===== Supplied material

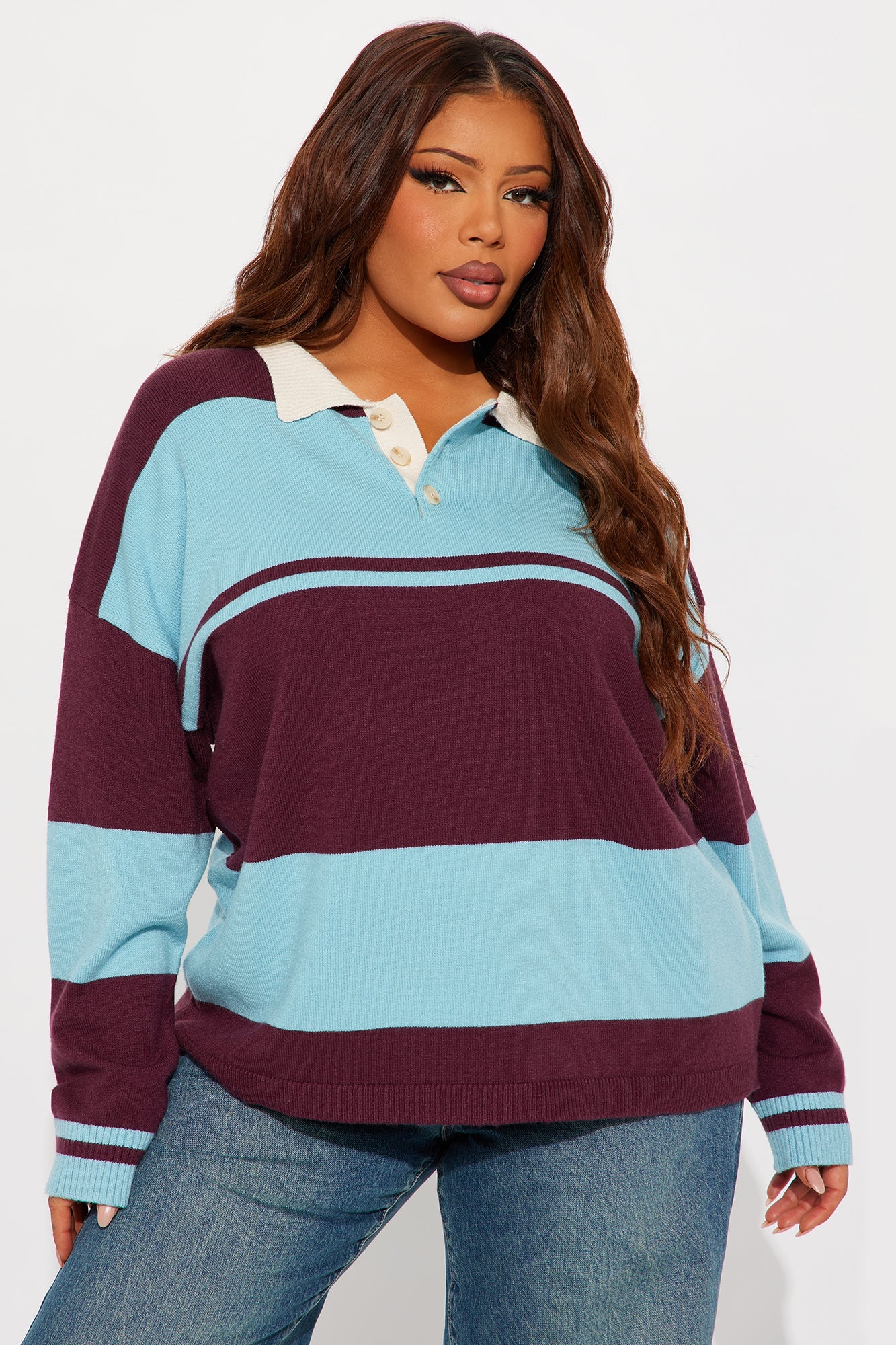 Down The Line Striped Polo Sweater - Blue/combo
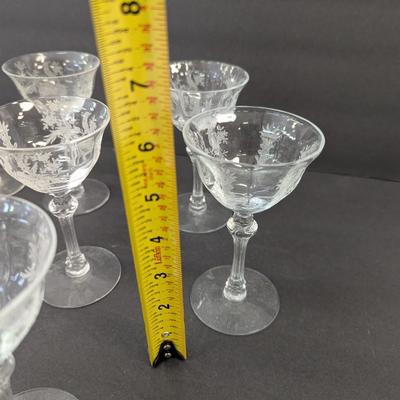 24 Pieces Of Etched Tiffin Stemware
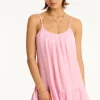Hot Sea Level Sunset Short Dress Pink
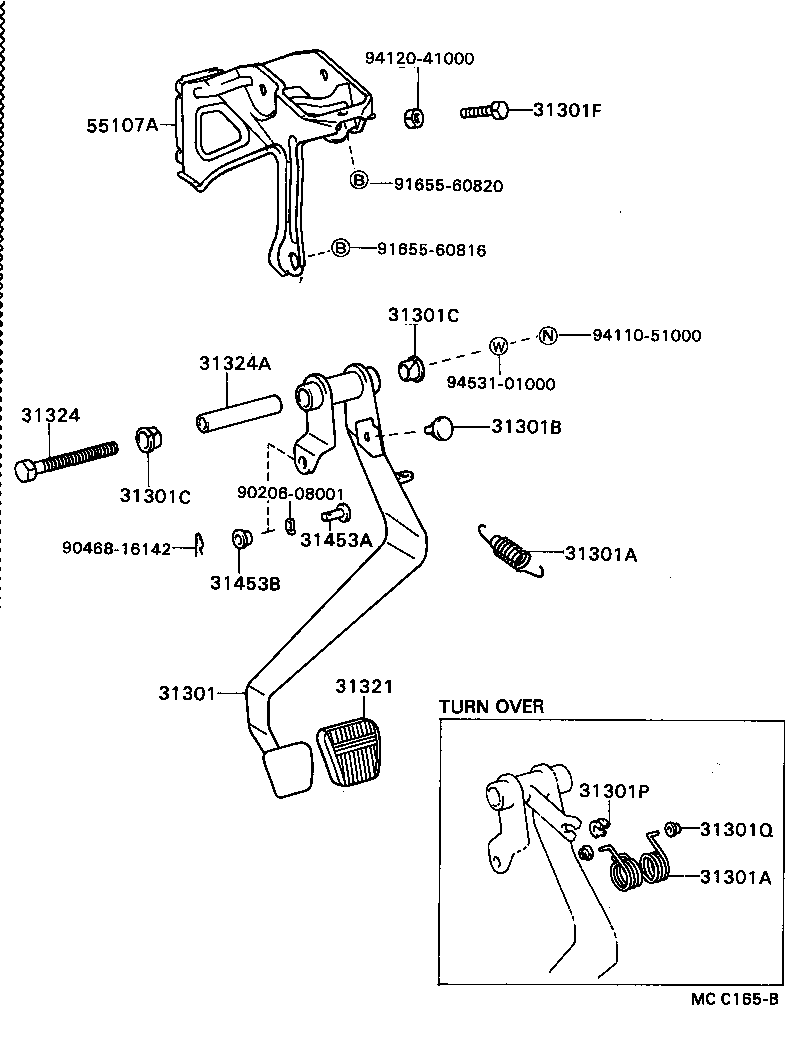 55107-20220 SUPPORT SUB-ASSY, CLUTCH PEDAL product image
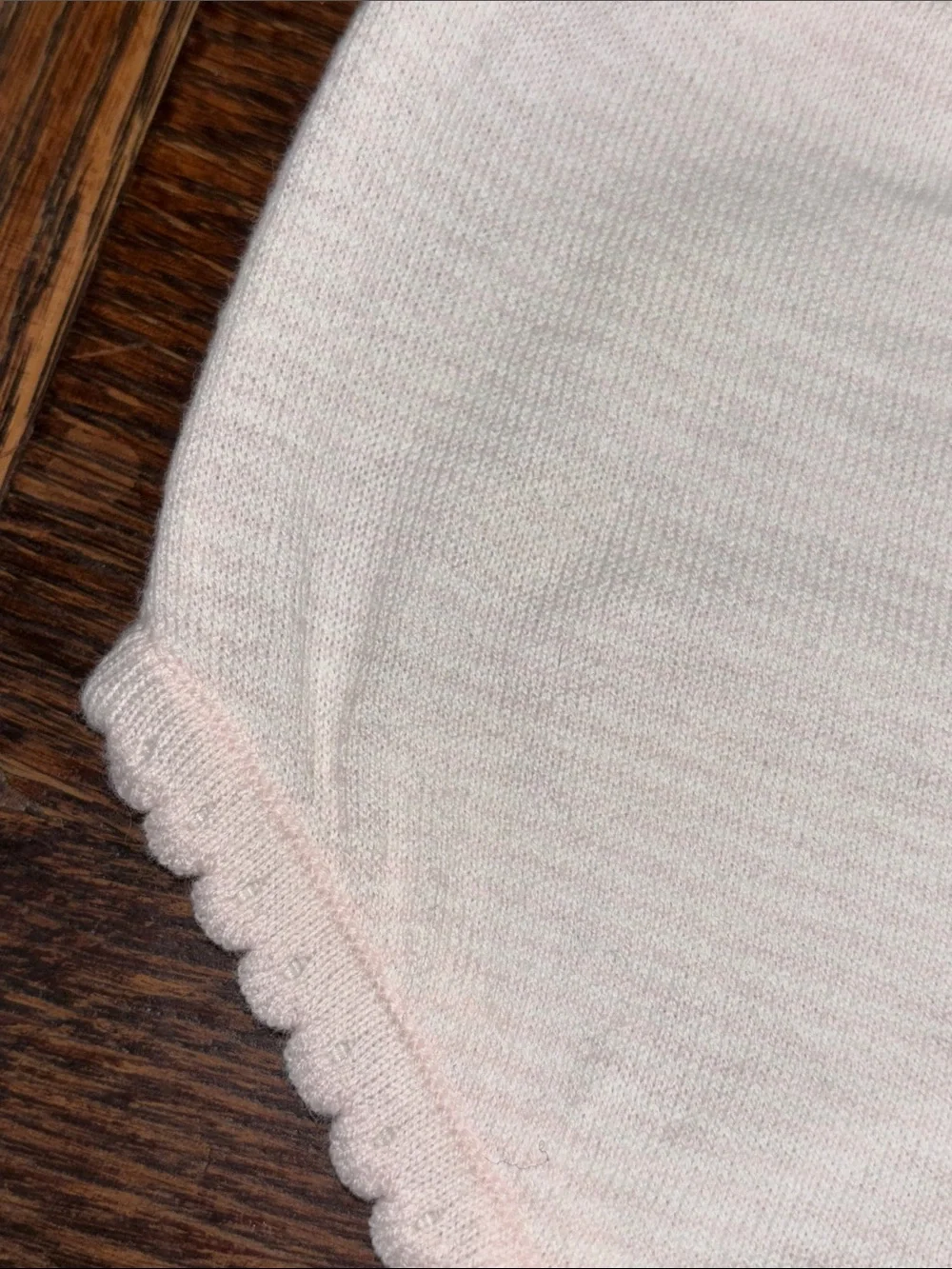 Angel Dear Pale Pink Striped Knit Diaper Cover Bloomers Scalloped Trim 0-3mo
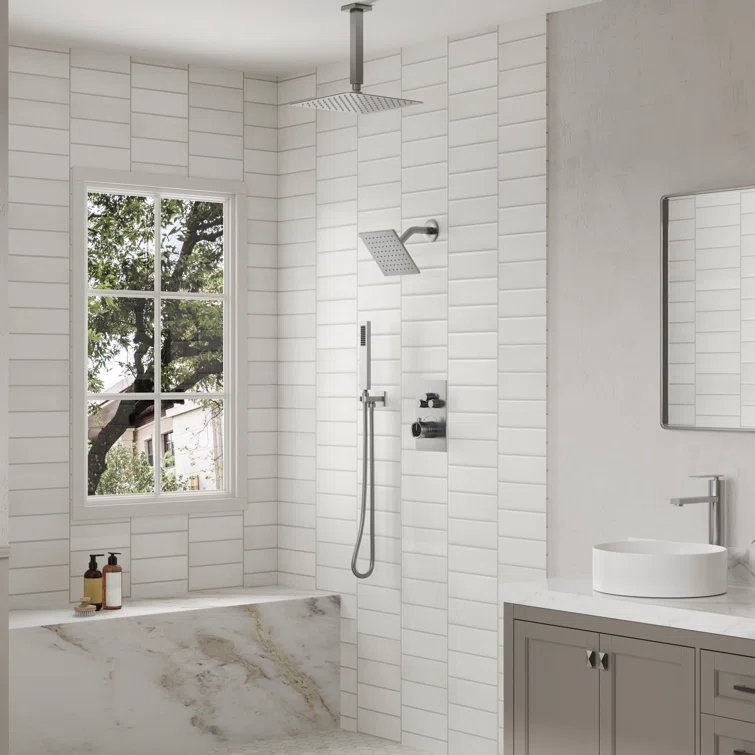 EVERSTEIN Thermostatic Rainfall Shower Faucet, 12-Inch High-Pressure Dual Showerheads System with Rough-In Valve SFS1007-NK12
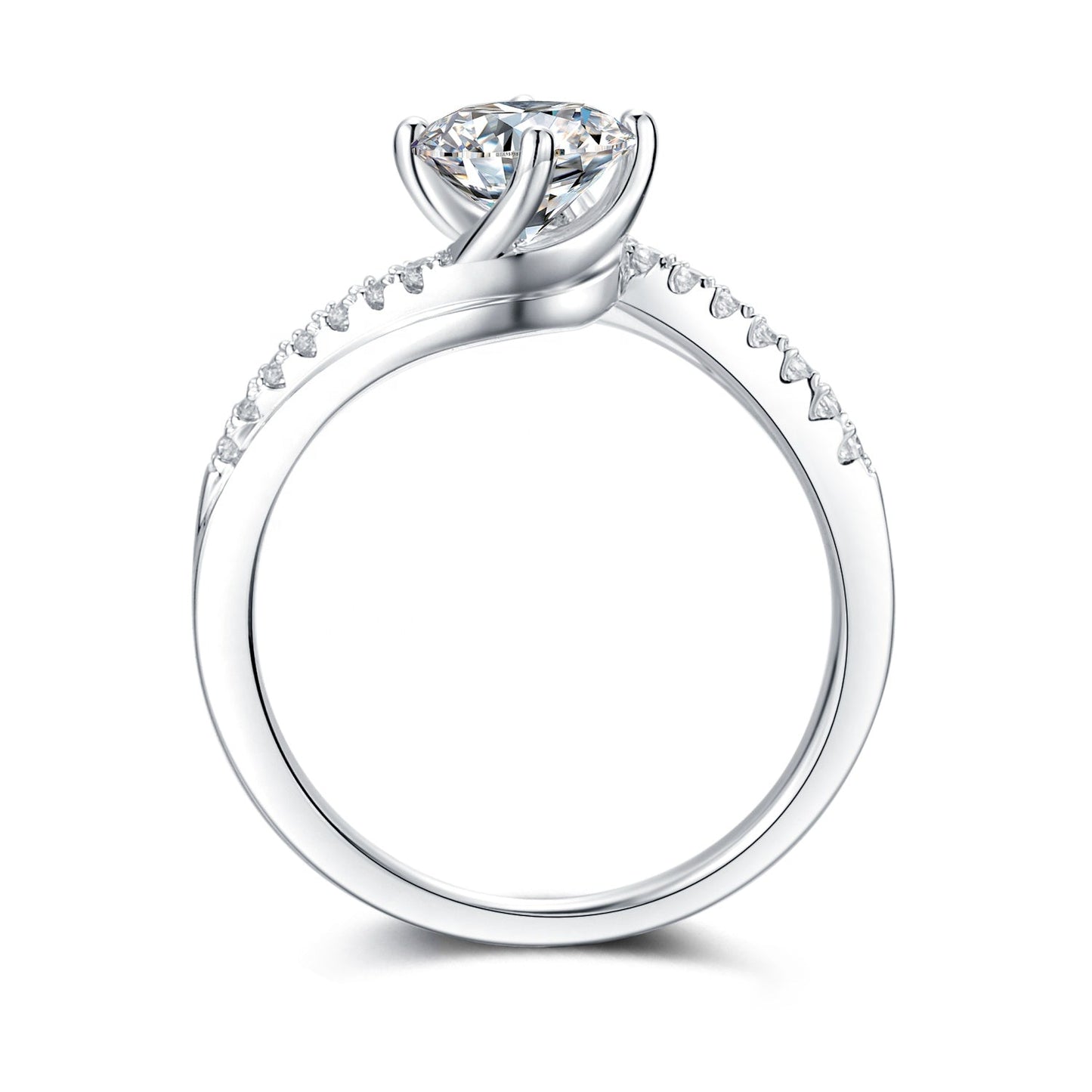 Elegant 1.00ct Moissanite Engagement Ring Set in 9ct White Gold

==========

▶ Task goal: Leave the pictures out and print the whole listing precisely.

▶ Solution for this exercise:
 Down The Line Striped Polo Sweater - Blue/combo
 24 Pieces Of Etched Tiffin Stemware
Hot Sea Level Sunset Short Dress Pink
 55107-20220 SUPPORT SUB-ASSY, CLUTCH PEDAL product image
 Angel Dear Pale Pink Striped Knit Diaper Cover Bloomers Scalloped Trim 0-3mo
 EVERSTEIN Thermostatic Rainfall Shower Faucet, 12-Inch High-Pressure Dual Showerheads System with Rough-In Valve SFS1007-NK12
 Elegant 1.00ct Moissanite Engagement Ring Set in 9ct White Gold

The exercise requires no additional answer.